### EXERCISE DETAILS
Skip every picture, and copy exactly the lines from the one containing "Ignis 600L Inverter" to the end of the data.

Captioned web image data:
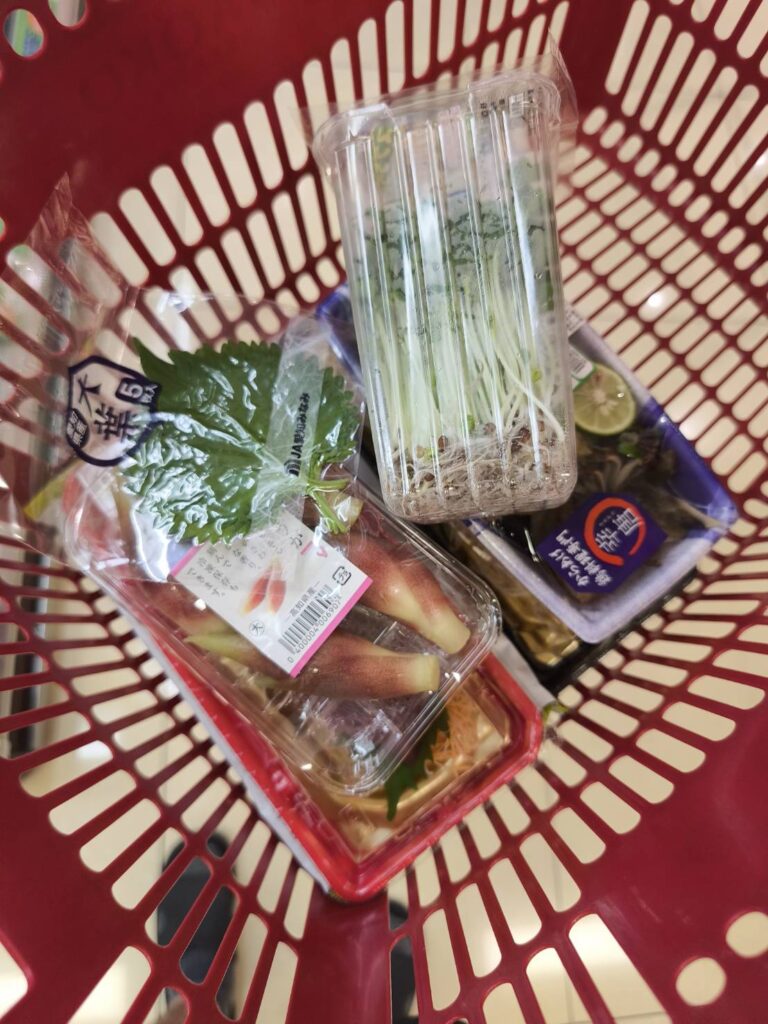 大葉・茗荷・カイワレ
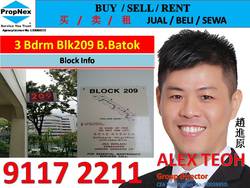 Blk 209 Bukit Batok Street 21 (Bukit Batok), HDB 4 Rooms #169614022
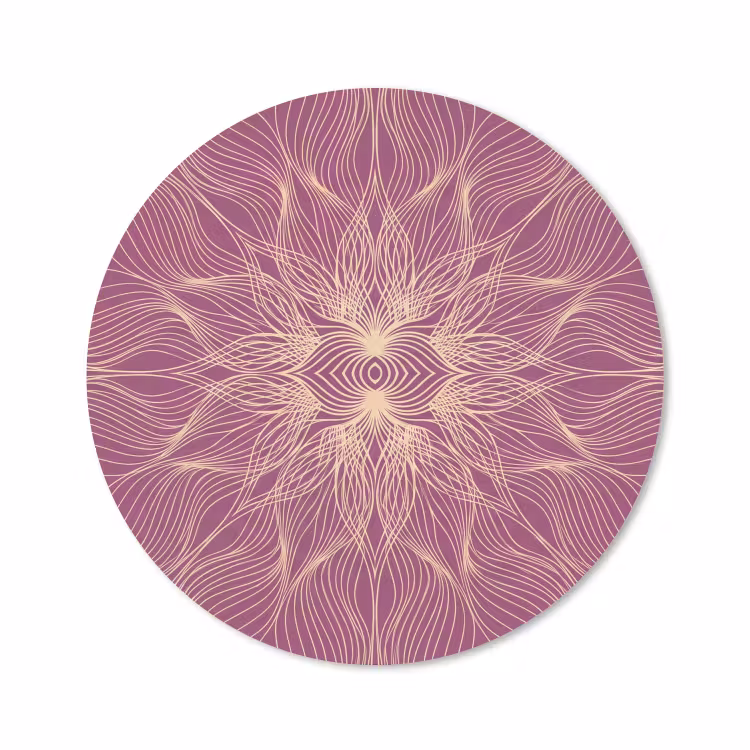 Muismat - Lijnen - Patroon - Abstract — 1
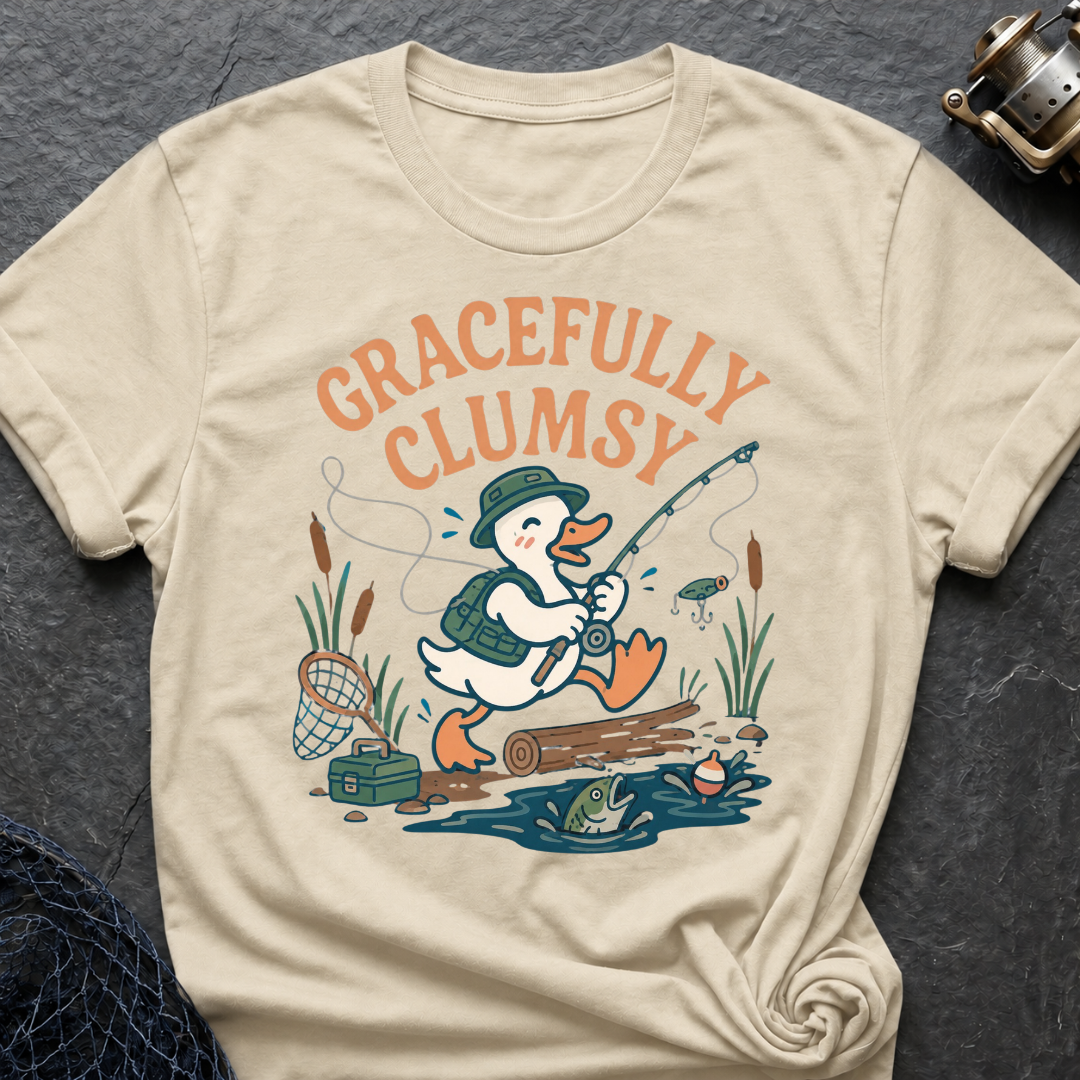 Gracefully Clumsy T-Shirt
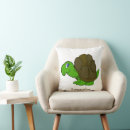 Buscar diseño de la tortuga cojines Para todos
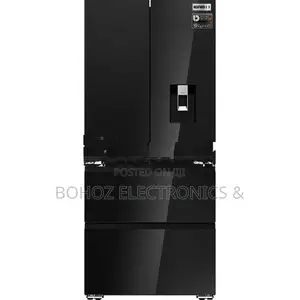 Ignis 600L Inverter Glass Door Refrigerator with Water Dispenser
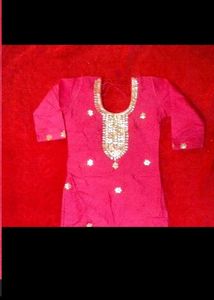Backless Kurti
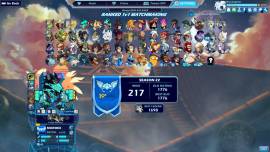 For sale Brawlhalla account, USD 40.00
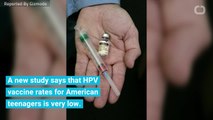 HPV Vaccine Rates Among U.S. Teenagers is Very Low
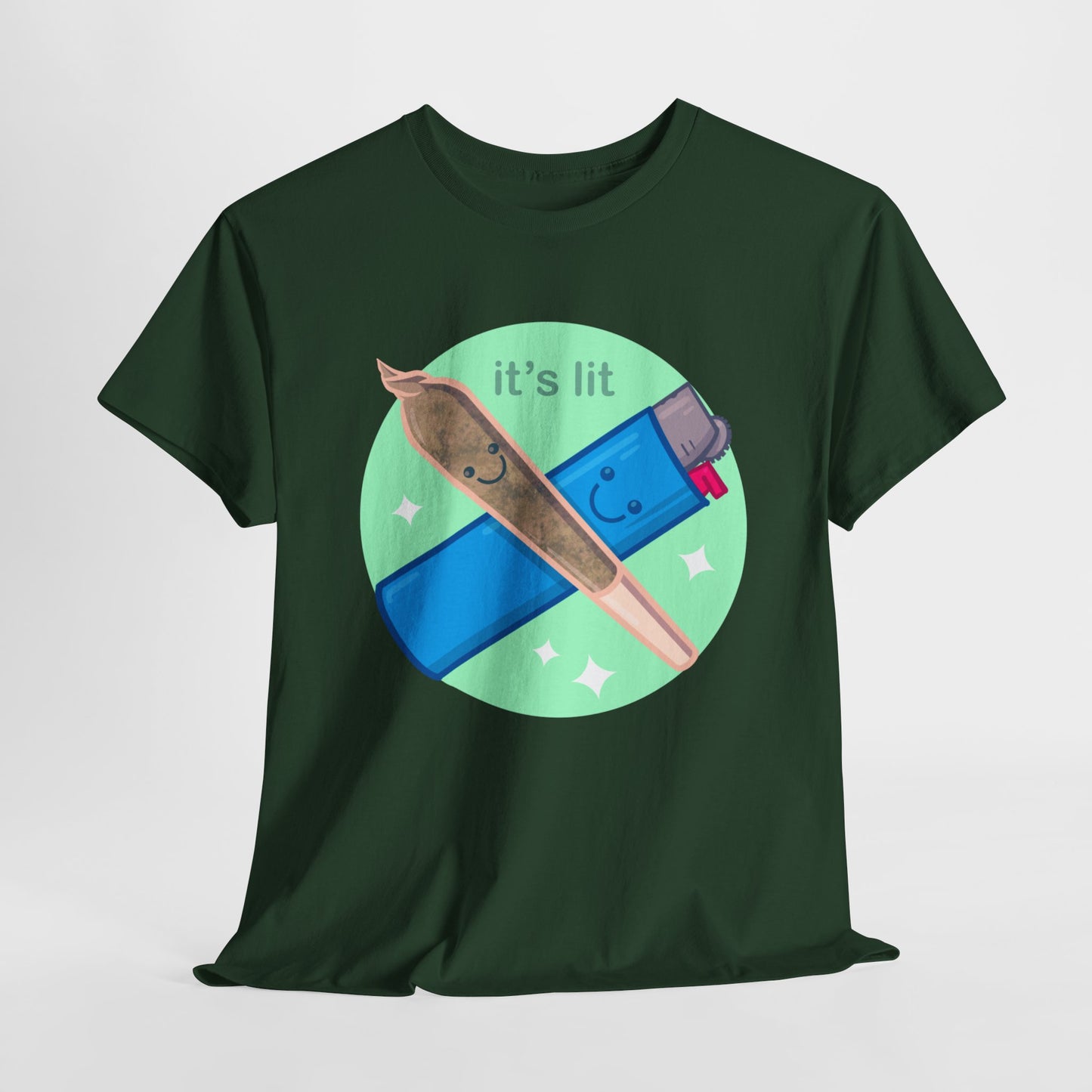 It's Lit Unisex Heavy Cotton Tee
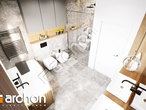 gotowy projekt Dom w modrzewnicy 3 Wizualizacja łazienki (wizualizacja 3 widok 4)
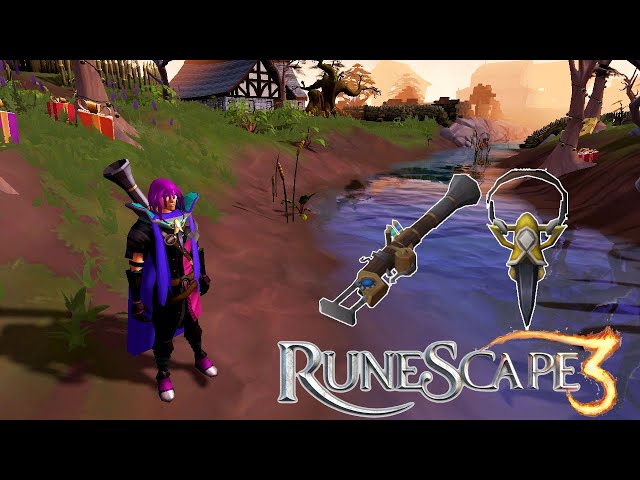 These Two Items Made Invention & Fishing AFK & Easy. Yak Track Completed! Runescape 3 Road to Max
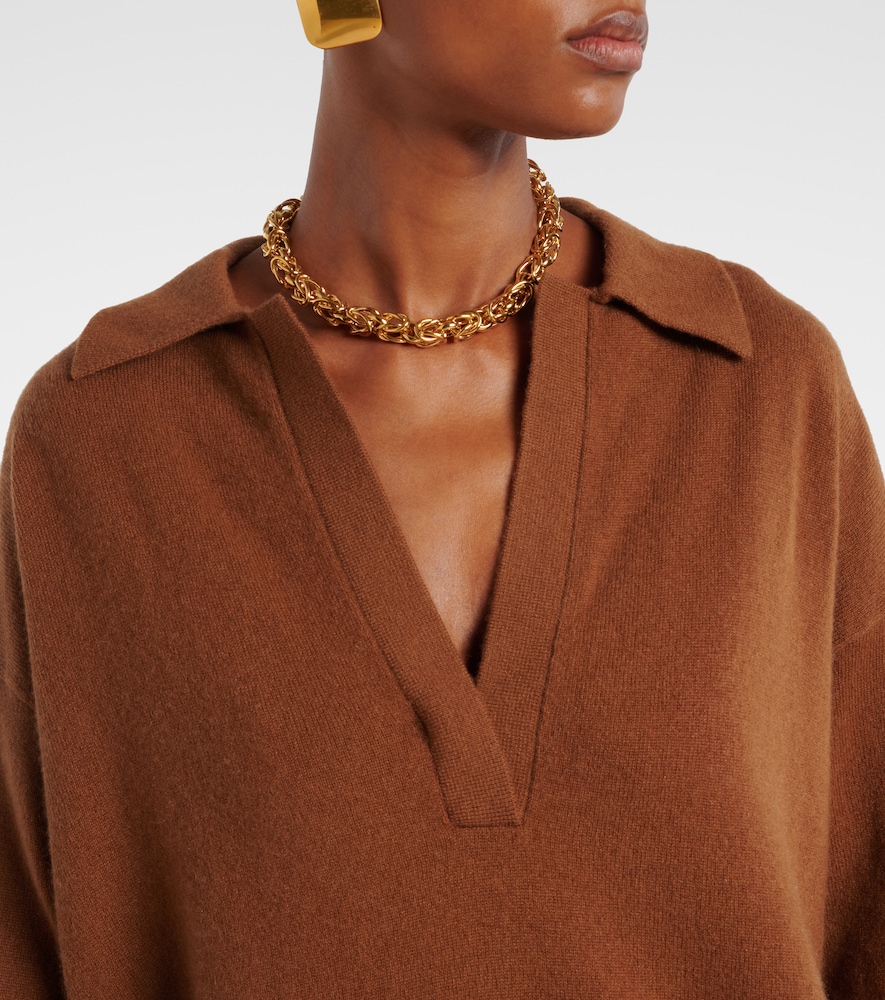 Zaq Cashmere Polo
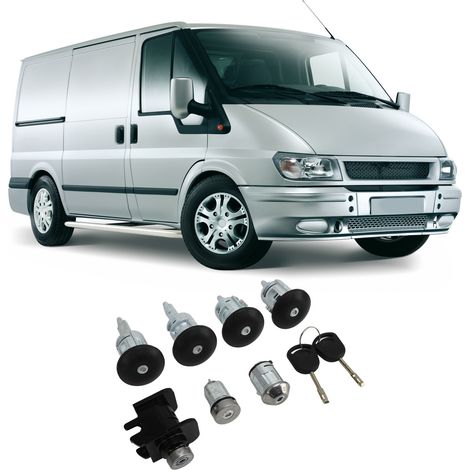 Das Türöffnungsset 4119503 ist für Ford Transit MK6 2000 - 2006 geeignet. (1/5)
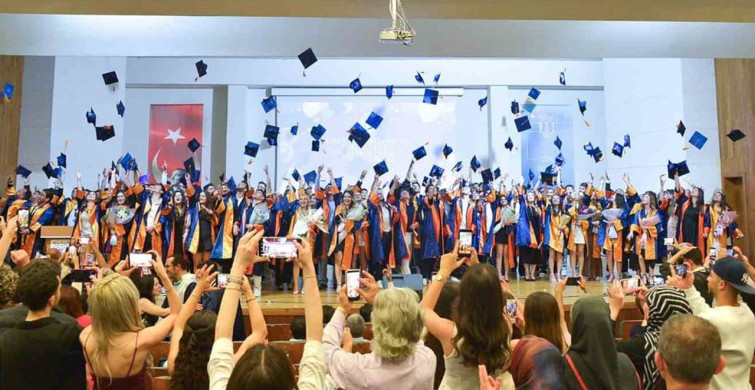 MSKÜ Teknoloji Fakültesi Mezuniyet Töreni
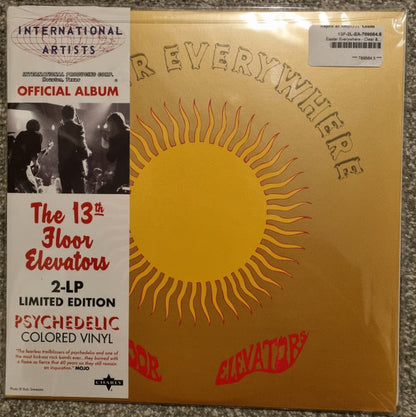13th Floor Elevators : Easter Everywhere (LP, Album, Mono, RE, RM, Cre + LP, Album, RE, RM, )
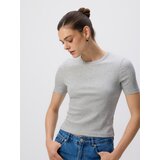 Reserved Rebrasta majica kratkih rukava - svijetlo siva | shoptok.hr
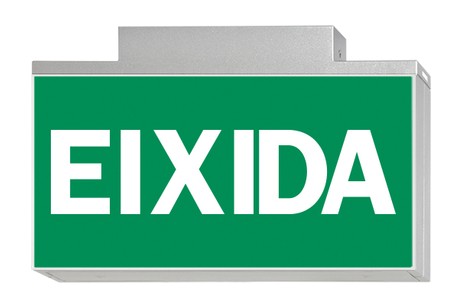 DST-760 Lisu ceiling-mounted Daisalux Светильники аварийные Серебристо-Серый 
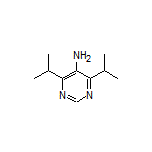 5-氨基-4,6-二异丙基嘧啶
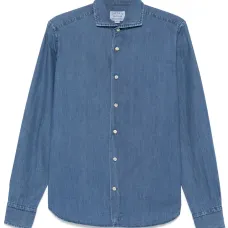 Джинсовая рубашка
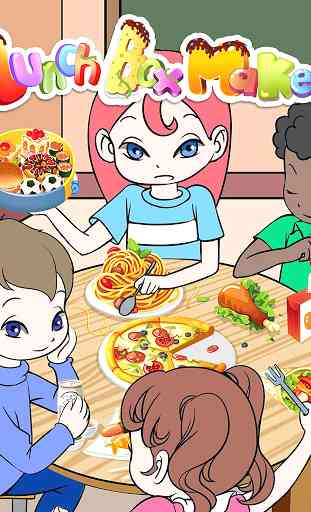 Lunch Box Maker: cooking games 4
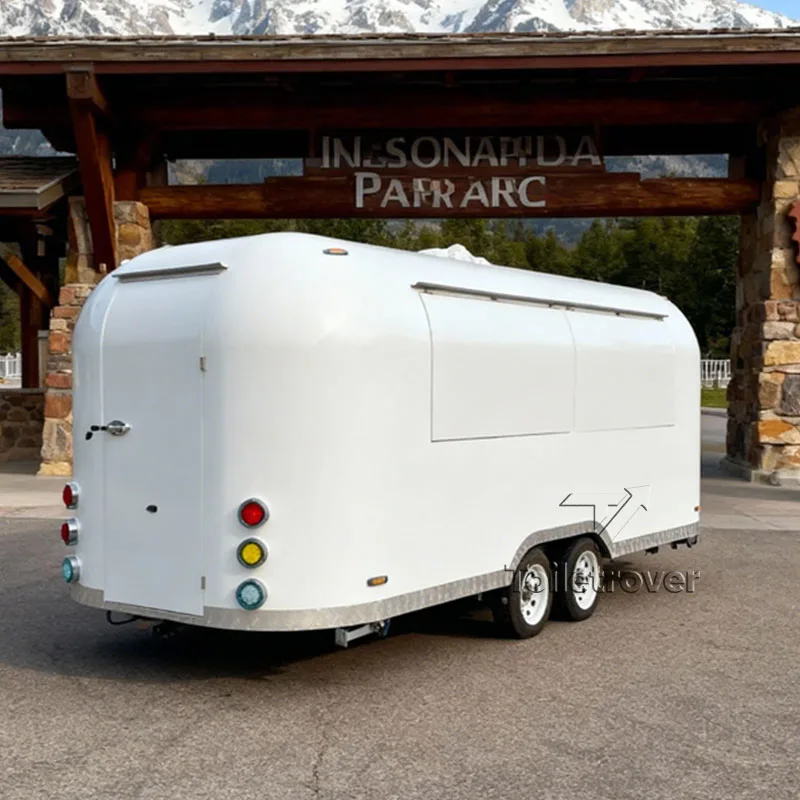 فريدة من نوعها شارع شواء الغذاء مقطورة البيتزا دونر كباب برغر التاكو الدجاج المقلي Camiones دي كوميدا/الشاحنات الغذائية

### SOLUTION TO THE PROBLEM
 Ignis 600L Inverter Glass Door Refrigerator with Water Dispenser
Backless Kurti
 For sale Brawlhalla account, USD 40.00
 HPV Vaccine Rates Among U.S. Teenagers is Very Low
 It's Lit Unisex Heavy Cotton Tee
 gotowy projekt Dom w modrzewnicy 3 Wizualizacja łazienki (wizualizacja 3 widok 4)
 These Two Items Made Invention & Fishing AFK & Easy. Yak Track Completed! Runescape 3 Road to Max
 Zaq Cashmere Polo
 Das Türöffnungsset 4119503 ist für Ford Transit MK6 2000 - 2006 geeignet. (1/5)
 MSKÜ Teknoloji Fakültesi Mezuniyet Töreni
13th Floor Elevators : Easter Everywhere (LP, Album, Mono, RE, RM, Cre + LP, Album, RE, RM, )
 Reserved Rebrasta majica kratkih rukava - svijetlo siva | shoptok.hr
 DST-760 Lisu ceiling-mounted Daisalux Светильники аварийные Серебристо-Серый 
 5-氨基-4,6-二异丙基嘧啶
 Джинсовая рубашка
 Lunch Box Maker: cooking games 4
 فريدة من نوعها شارع شواء الغذاء مقطورة البيتزا دونر كباب برغر التاكو الدجاج المقلي Camiones دي كوميدا/الشاحنات الغذائية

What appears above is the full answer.